Chroniques

The National Trouble Will Find Me

Les américains n’ont jamais vraiment été des adeptes de la gaudriole. D’une profonde noirceur, leur discographie enfonçait encore un peu plus le clou (dans le coeur) avec la sortie, il y a deux ans, de High Violet. Un disque sublime, d’une froideur extrême. Un album qui te nique, te détruit, pour mieux t’aider à renaître. Un truc pour les dimanches d’hiver, en somme. Et justement, un album définitif : The National, c’est ça ! Ou c’était. Matt Berninger, chanteur baryton, le répète depuis des semaines : oui, il y a de la noirceur, oui, certains textes sont difficiles, mais il y a de l’humour derrière tout cela. Vraiment ? L’album s’appelle Trouble Will Find Me, la mort rôde au détour de chaque couplet, et l’ambiance générale, c’est « j’ai des enfants, et si je claque demain, que deviennent-ils ? ». Grosse poilade quoi. Mais interdiction de se moquer. Car le beau, le personnel, quand il n’est ni lugubre, ni larmoyant, cela relève du domaine de l’intouchable.

Treize titres donc (rien que ce chiffre), et peu de raison d’espérer. « Demons », premier single prometteur, ne laisse entrevoir la lumière que le temps d’un refrain. « Don’t Swallow The Cap », lui aussi envoyé en éclaireur, creuse le sillon réverbération + batterie saccadée (caractéristique du jeu de Bryan Devendorf) + voix grave qui te nique la journée. Partout, ces mélodies qui s’immiscent sous ta peau. Ce piano qui te transperce le coeur, en quelques notes. Pas totalement « Graceless » donc, mais on est très loin de baigner dans cette « Sea Of Love » imaginée ici. Le sixième album de The National ? Il est au moins aussi beau, aussi triste, aussi introspectif, aussi abouti, aussi mature, et même, parfois, aussi grandiloquent que son prédécesseur. Et que Boxer encore avant. Tout va bien donc ? Oui. Trouble Will Find Me est une réussite. « Eight points » comme ils disent à l’Eurovision.
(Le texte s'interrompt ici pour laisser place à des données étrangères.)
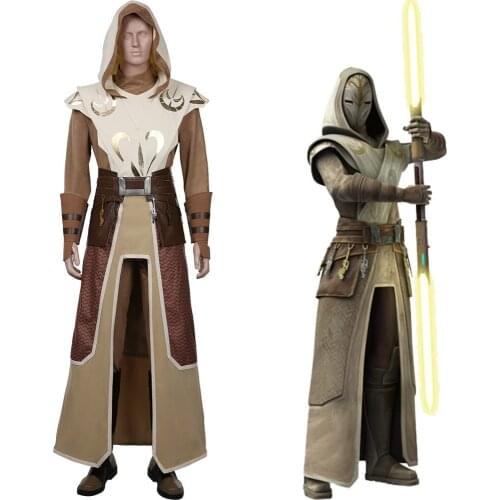 Star Cosplay The Clone Jedi Cosplay Costume Coat Uniform Outfits Halloween Carnival Suit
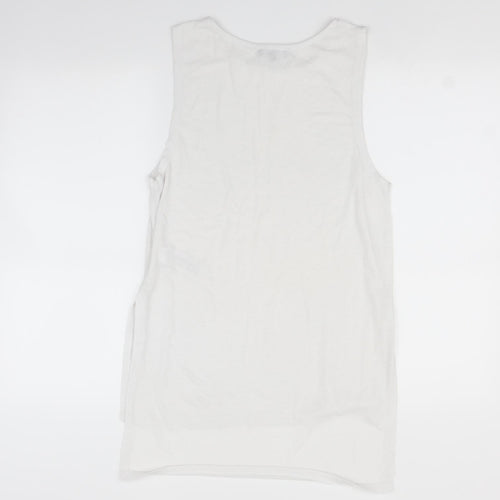 New Look Womens White   Basic T-Shirt Size 10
Sauf que quelque part, quelque chose cloche. C’est en réécoutant High Violet, et en parcourant, ici et là, des interviews et des articles datant de 2010, qu’on réalise que rien ne bouge. Toujours les mêmes rengaines, les mêmes thèmes. Et surtout, une critique que l’on pourrait apposer à ce nouveau disque, en ne changeant que les titres des chansons. Ce n’est pas forcément triste, ce n’est pas une insulte, mais il faut bien l’admettre, The National décline désormais une recette. C‘est grave docteur ? Non. Mais cela semble dire au moins une chose sur l’état de la pop, en tout cas chez nous. La répétition (certes, pas encore à outrance dans le cas présent) d’une méthode ayant fait ses preuves, cela ne choque que dans certains cas. Quand toute sa carrière tourne autour d’hymnes pour les stades (en vrac, Oasis, Coldplay, Muse… quoi que valent les chansons, remplir les stades à ras bord est une intention des plus louables) ou qu’avant même la sortie de son premier album, on se colle une image arty comme il faut (Woodkid), ça énerve, ça crispe. Parce que ça se vend ? Peut-être. Souvenons nous des quelques voix qui s’étaient élevées lors de la double affiche The National / Pavement au Zénith de Paris. Une salle trop grande, une exposition trop forte. Et le sentiment d’avoir perdu en route une poignée de chansons personnelles au profit d’une exposition massive. On repose la question: c’est grave ? Non, ainsi vont les choses. Et selon toute vraisemblance, il ne devrait pas se vendre des caisses de Trouble Will Find Me. Cela ne change rien à sa qualité. Mais devrait rassurer une poignée d’irréductibles: le business du beau n’est pas (encore) celui de The National.